▶ [Work to be completed] The line containing "MS-GT1030 TF 4GD4 – фото 2" and each line after it, through the final line of the data, are to be retyped exactly, with pictures left out.

▶ [Records excerpted from a collection]
------------------------------

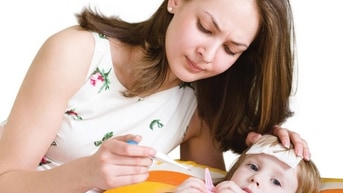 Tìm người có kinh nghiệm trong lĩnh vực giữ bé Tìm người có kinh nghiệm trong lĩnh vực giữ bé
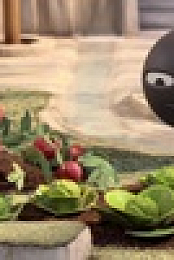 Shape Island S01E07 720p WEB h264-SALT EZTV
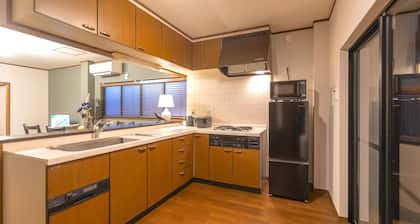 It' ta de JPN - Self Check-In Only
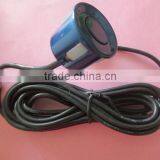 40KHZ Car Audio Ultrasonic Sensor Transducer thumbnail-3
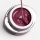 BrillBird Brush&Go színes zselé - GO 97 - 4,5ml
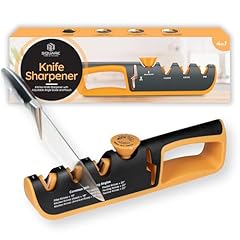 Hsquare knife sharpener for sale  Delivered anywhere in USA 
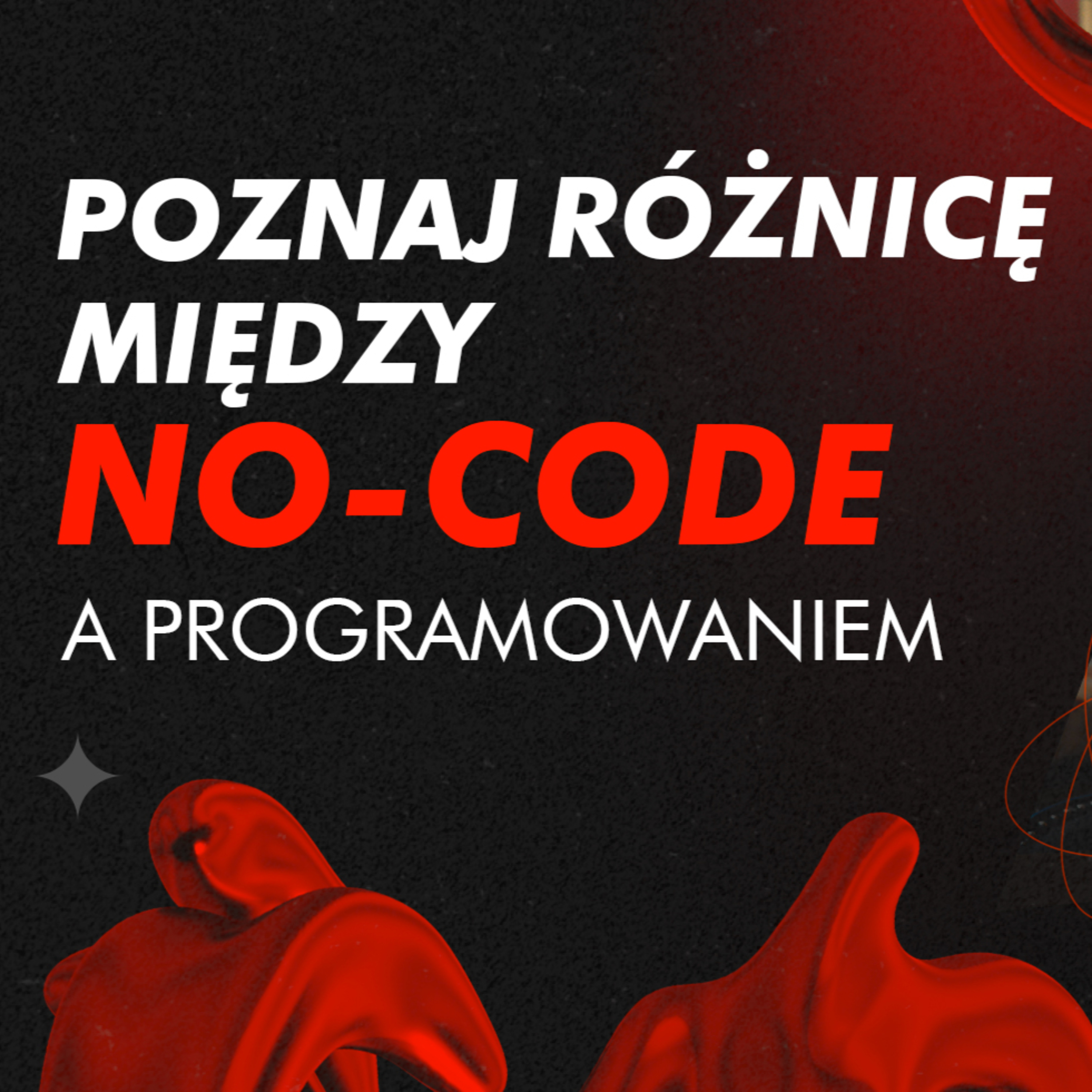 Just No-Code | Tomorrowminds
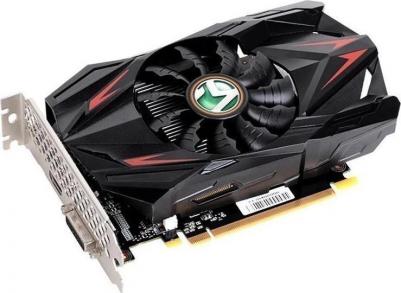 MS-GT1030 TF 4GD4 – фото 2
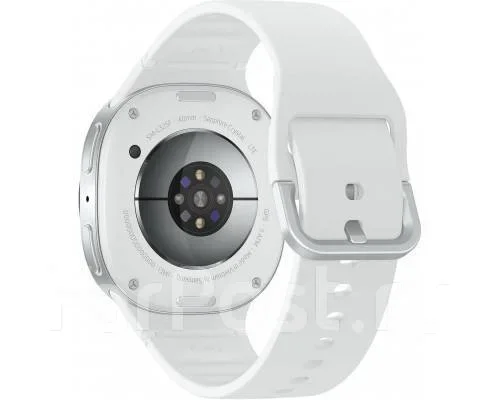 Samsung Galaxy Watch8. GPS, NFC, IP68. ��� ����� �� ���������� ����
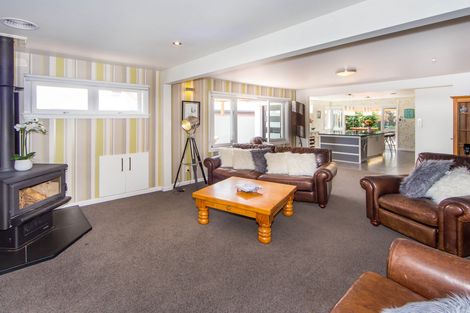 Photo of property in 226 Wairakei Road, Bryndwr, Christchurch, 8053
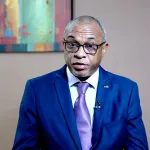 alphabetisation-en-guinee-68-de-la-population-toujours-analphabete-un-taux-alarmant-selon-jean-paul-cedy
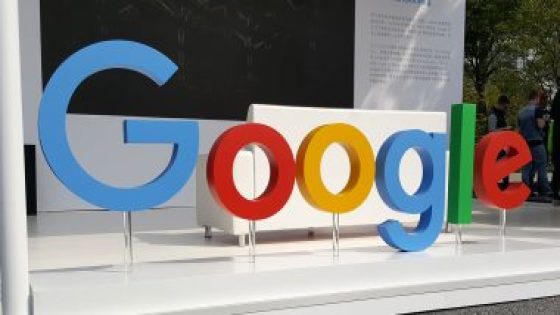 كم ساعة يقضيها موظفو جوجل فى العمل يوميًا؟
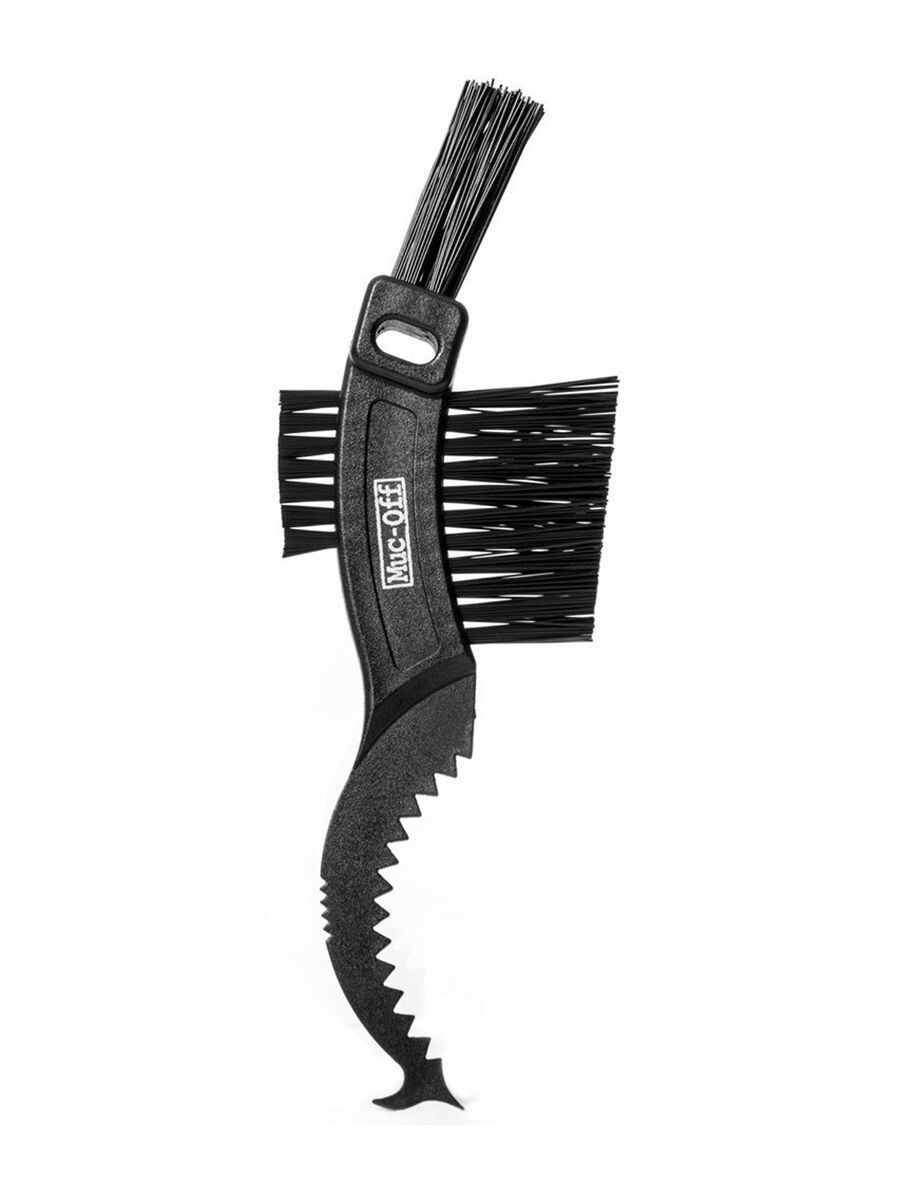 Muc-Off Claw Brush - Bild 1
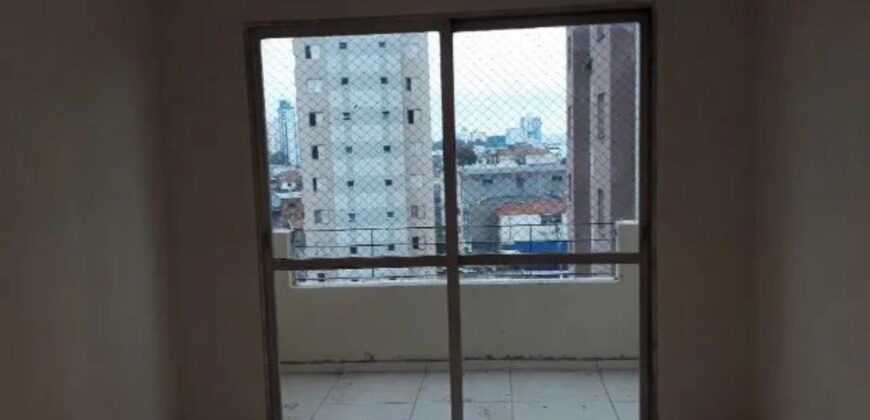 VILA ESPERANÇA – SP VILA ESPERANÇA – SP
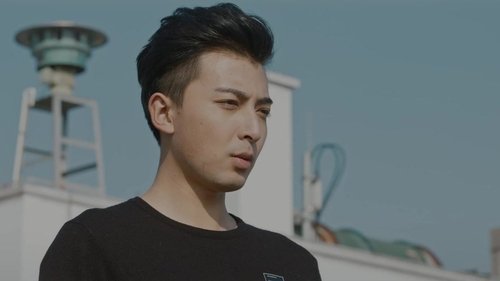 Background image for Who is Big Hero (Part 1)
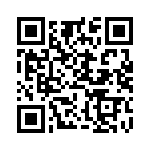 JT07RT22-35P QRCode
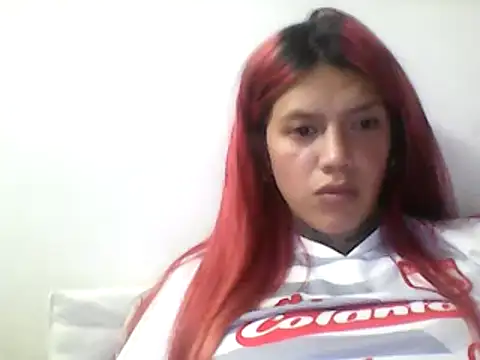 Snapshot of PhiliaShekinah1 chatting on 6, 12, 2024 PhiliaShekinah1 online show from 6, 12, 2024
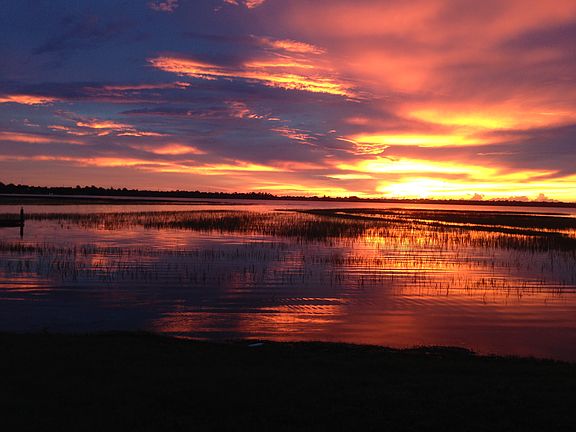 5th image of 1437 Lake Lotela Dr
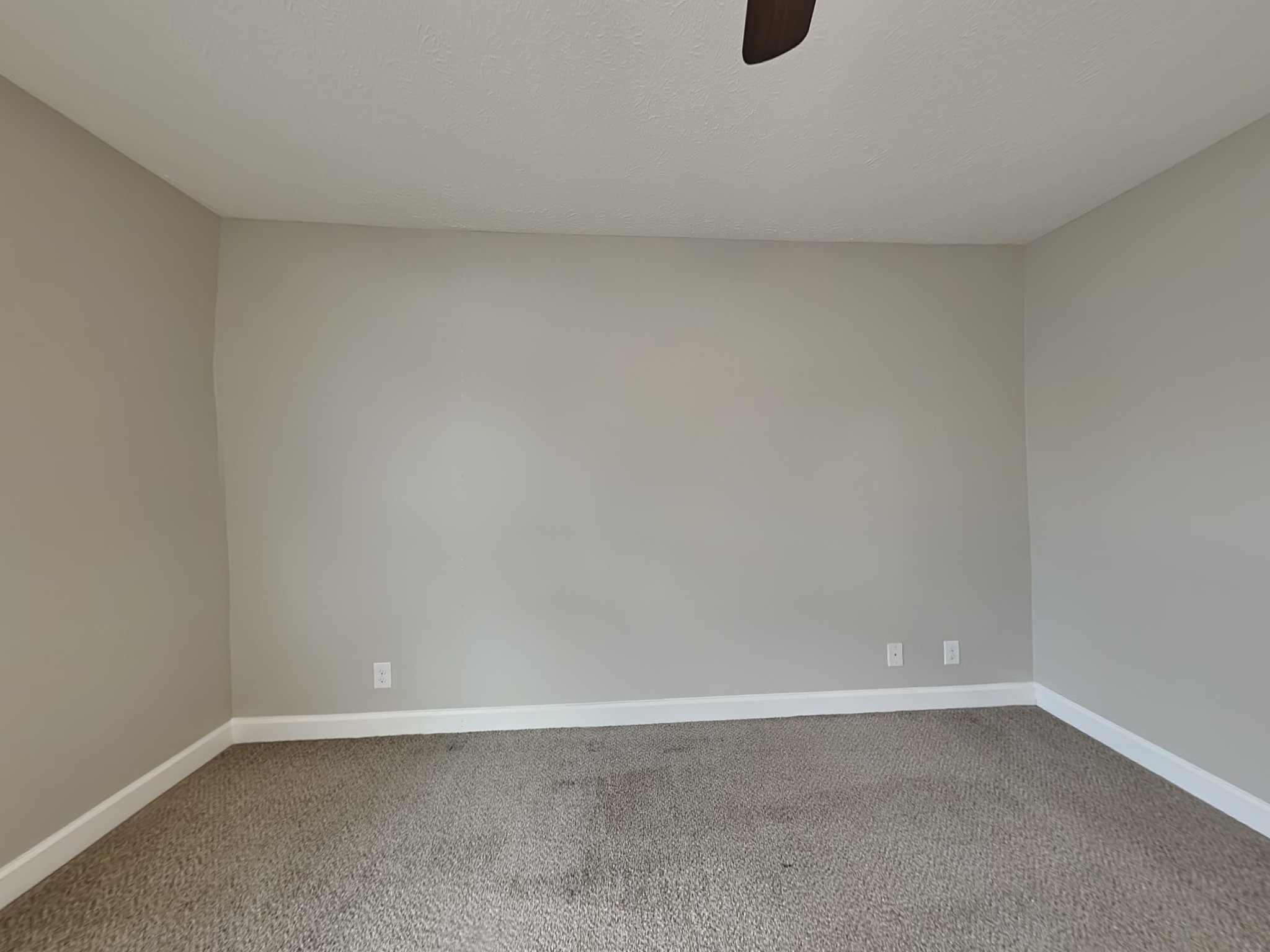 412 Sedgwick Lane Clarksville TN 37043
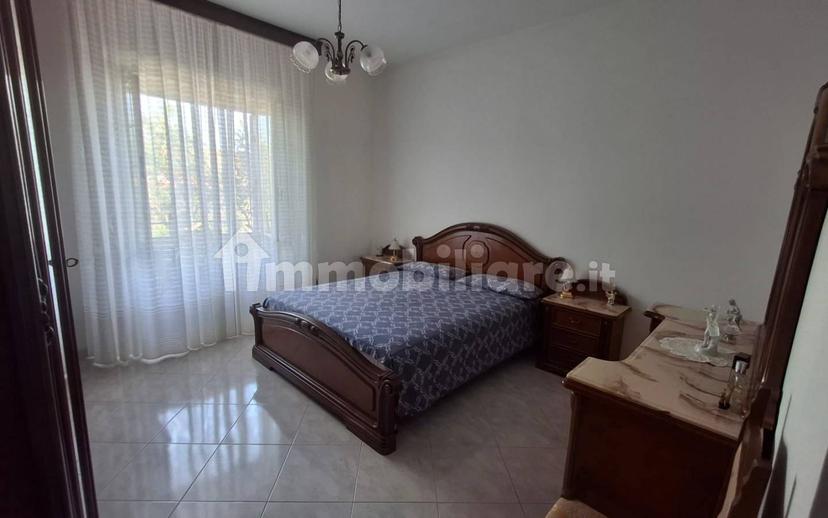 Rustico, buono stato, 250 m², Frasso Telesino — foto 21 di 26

------------------------------

▶ [Answer section]
 MS-GT1030 TF 4GD4 – фото 2
 Samsung Galaxy Watch8. GPS, NFC, IP68. ��� ����� �� ���������� ����
 Photo of property in 226 Wairakei Road, Bryndwr, Christchurch, 8053
 alphabetisation-en-guinee-68-de-la-population-toujours-analphabete-un-taux-alarmant-selon-jean-paul-cedy
 كم ساعة يقضيها موظفو جوجل فى العمل يوميًا؟
 Muc-Off Claw Brush - Bild 1
 VILA ESPERANÇA – SP VILA ESPERANÇA – SP
 Background image for Who is Big Hero (Part 1)
 JT07RT22-35P QRCode
 Snapshot of PhiliaShekinah1 chatting on 6, 12, 2024 PhiliaShekinah1 online show from 6, 12, 2024
 5th image of 1437 Lake Lotela Dr
 412 Sedgwick Lane Clarksville TN 37043
 Rustico, buono stato, 250 m², Frasso Telesino — foto 21 di 26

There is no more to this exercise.